When I joined Weekdone as its 6th employee, we used to have team lunches every week. I loved them. We bonded, shared ideas and dealt with any problems that had arisen. As we started scaling the company, it became harder and harder to find time for this sort of get-togethers. At some point, it became hard to find venues that had tables big enough.
This is one of the challenges of growing and scaling your business. When companies grow, leaders face a lot of new challenges. Yet, fast growth is something entrepreneurs dream about and strive towards. Fastest growing SaaS companies scale their organizations extremely rapidly: growing their teams by an average of 56% each year. Gail Sheehy, New York Times Bestselling Author has said that “Growth demands a temporary surrender of security.” Luckily, most of these challenges can be met quite easily with a little planning.
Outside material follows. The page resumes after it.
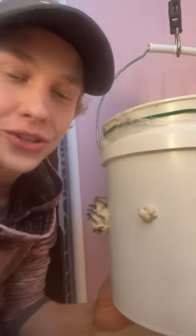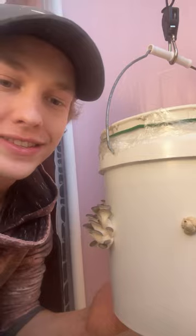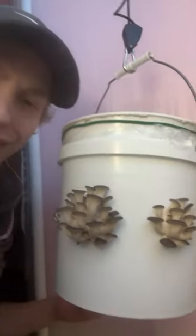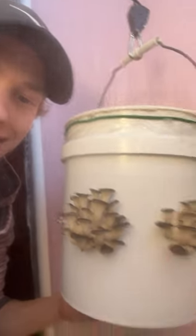I don't know what's going on with this one — it's like a freaking mutant. But these two clusters are a couple of days old, and they look fantastic. A few more days and they're going to be ready to harvest.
Scaling your teams brings larger problems.
The first thing you must accept is that running a larger team is very different then handling a small core team in a SME or a start-up. Rosie Symonds has said that “Larger teams seem to have more difficulty in communicating between individuals because of the number of team members. Managers of large teams don’t often have enough time to spend with each member of the team and require the help of supervisors to communicate with them.“
In a small company, it’s easy to make sure that everyone shares your values. Problems are seen more easily and can be solved faster. This will not last. Every people you hire puts strain on your status que, bringing new ideas and values, but also problems to your company. With more revenue, the stakes will also continue to rise. That’s good and normal.
Strain on communications.
HBR.com writes: “Scaling becomes a problem of less because humans and human organizations can only handle so much cognitive load. In other words, successful scaling means finding ways to limit the number of things that people are expected to focus on and execute.” The team lunches we had helped me stay focused as it was a direct line of dialogue with my managers. However, the more people work in a company, the less time the leadership can spend with each individual. You must still make sure that everyone is moving towards the common goals and know what people and teams are up to, but you have less and less time to communicate with people directly. The solution? Automated goal setting and weekly planning!
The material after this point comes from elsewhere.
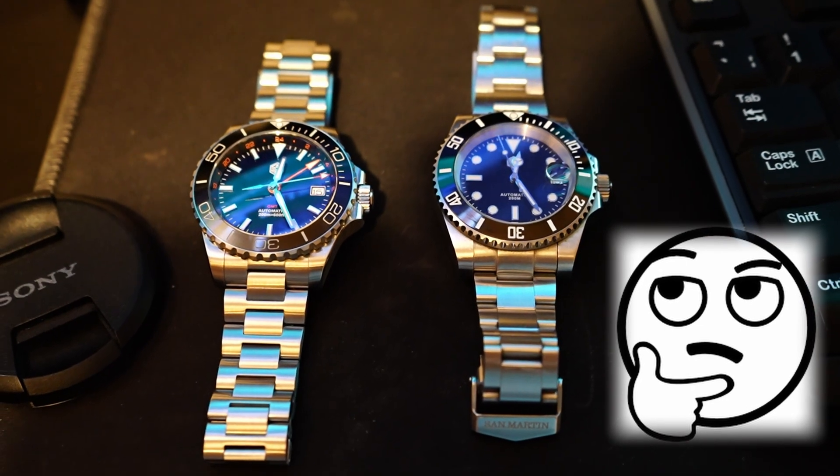Being a diver, San Martin gave us a 200 meter water resistant case, so should be enough for swimming and possibly some skin diving. San Martin delivered a full stainless steel construction with very good build quality and finishing. Most of the case surfaces feature a satin-like finish with subtle high polish chamfers on top of the flanks. The crown guards are somewhat reminiscent of a Rolex Submariner — well, nothing particularly wrong with that.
“Weekdone has helped me to stay connected and keep on collaborating with my team” Michele Puccio, the Sales Director at Arrow has said. Using it myself, I can say it helps to avoid a lot of issues. It also helps to integrate new people into our team quickly. If employees have problems it always shows in their weekly progress report as they get less done than normal. A good manager notices things like this and intervenes and solve these problems before they start affecting the team. Sujan Patel writes about some other dangers with scaling a company. One of those is ignoring issues that pop up. “Growth, especially if it happens quickly, takes almost everyone out of their comfort zone. There are bound to be personnel, personality and product issues along the way.”
Strains on company culture.
Company culture and core values emerge early on in most companies. They are the shared culture of a start-up founders or the ideas that SME’s leadership shares. At that point there is no problem with that. Everyone understands and accepts them. But each new person may understand this culture differently. That’s why most companies and recruiters make sure that the potential employee is a “cultural fit.” And influences the team in a positive and progressive way.